• **Exercise aim**
When you copy the entries, keep every word exactly as it is and drop the images.

• **Records supplied**
[Start of section]

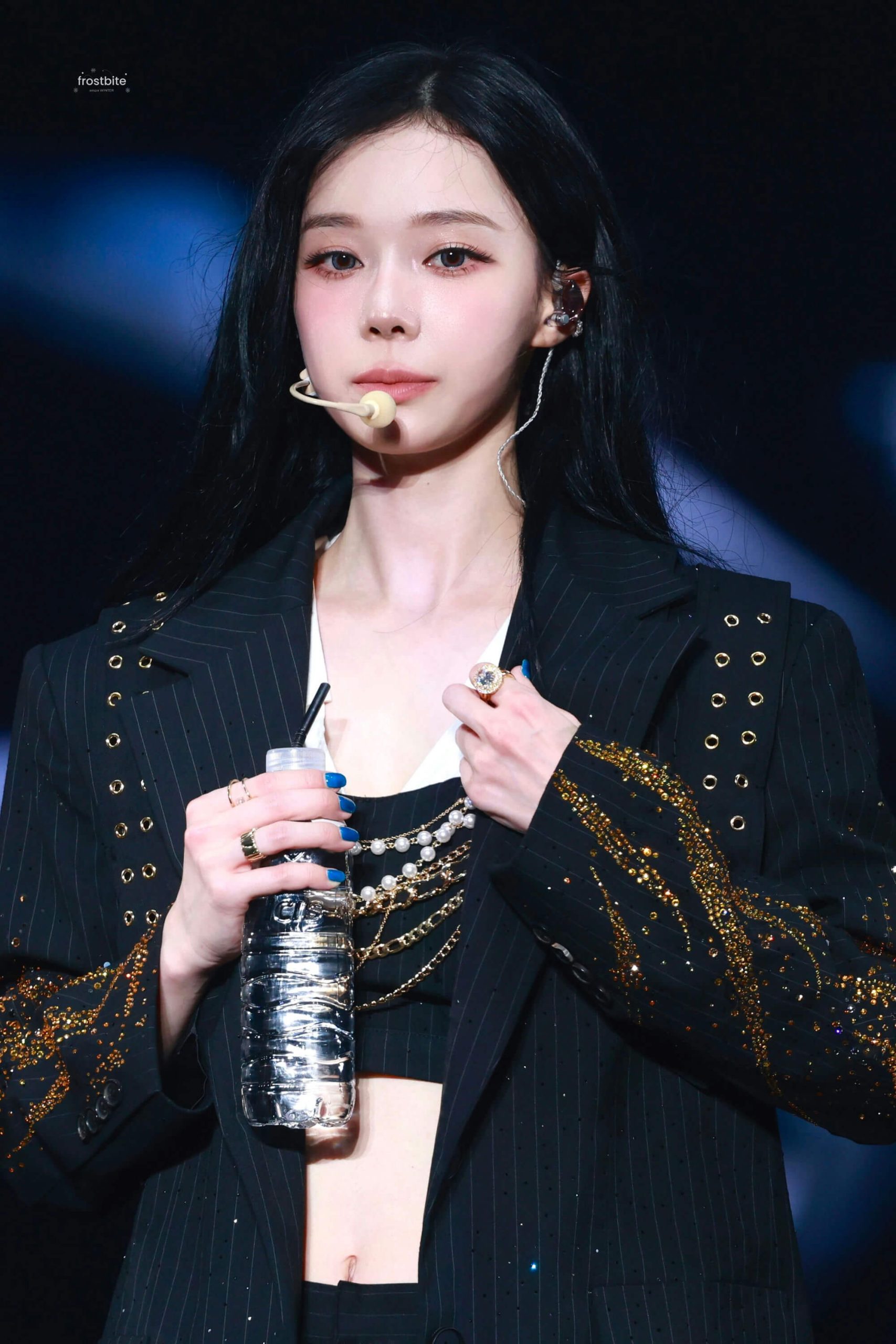 kbizoom's tweet card. aespa's Winter skipped the Bangkok concert due to flu-like symptoms and is currently focusing on recovery.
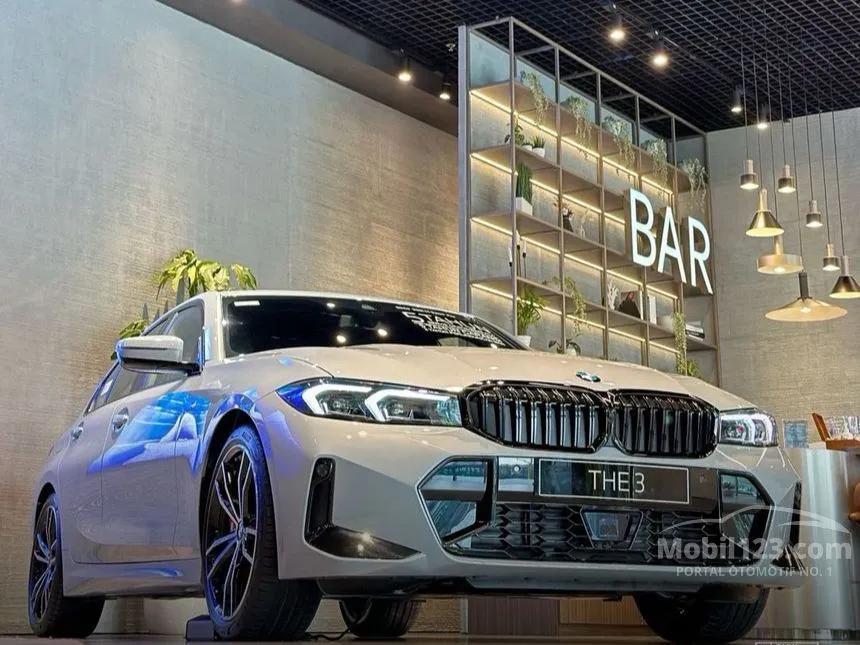 Jual Mobil BMW 330i 2024 M Sport Pro 2.0 di DKI Jakarta Automatic Sedan Abu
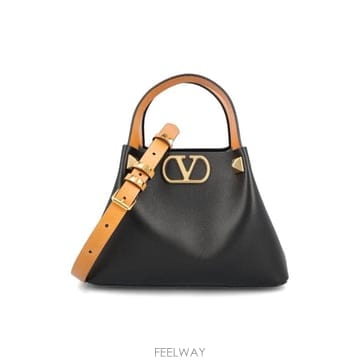 (해외배송) 발렌티노 Valentino Garavani 락스터드 탑 핸들 백 8W2B0T02LSX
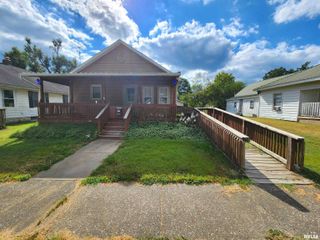 413 N 8TH Street, Herrin, IL 62948
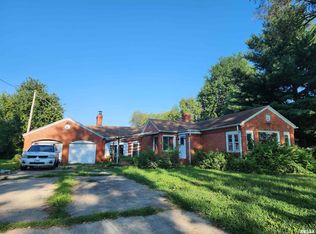 1216 N State St, Lincoln, IL 62656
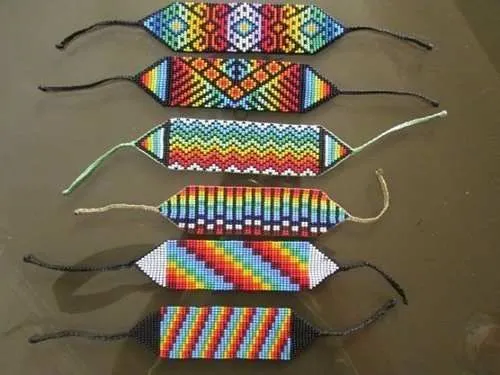 pulseras en mostacilla checa, arte indígena manillas | Native ...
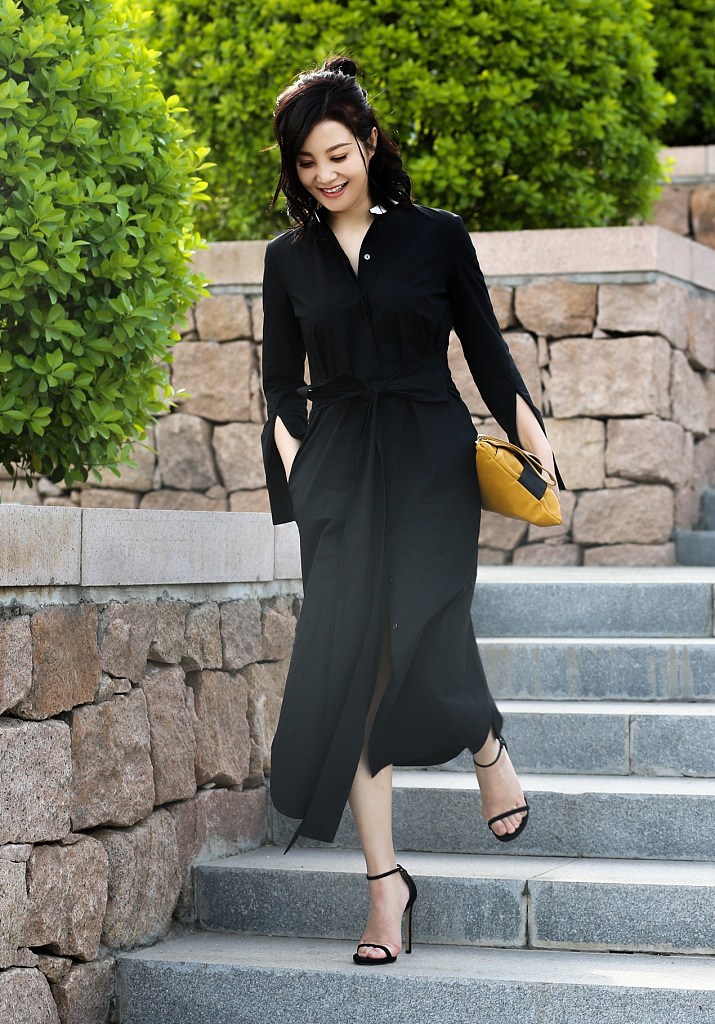 她身穿黑色衬衫裙,脚踩高跟凉鞋,化身霸道总攻实力撩妹,整体look简洁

[End of section]

• **Answer box**
 kbizoom's tweet card. aespa's Winter skipped the Bangkok concert due to flu-like symptoms and is currently focusing on recovery.
 Jual Mobil BMW 330i 2024 M Sport Pro 2.0 di DKI Jakarta Automatic Sedan Abu
 (해외배송) 발렌티노 Valentino Garavani 락스터드 탑 핸들 백 8W2B0T02LSX
 413 N 8TH Street, Herrin, IL 62948
 1216 N State St, Lincoln, IL 62656
 pulseras en mostacilla checa, arte indígena manillas | Native ...
 她身穿黑色衬衫裙,脚踩高跟凉鞋,化身霸道总攻实力撩妹,整体look简洁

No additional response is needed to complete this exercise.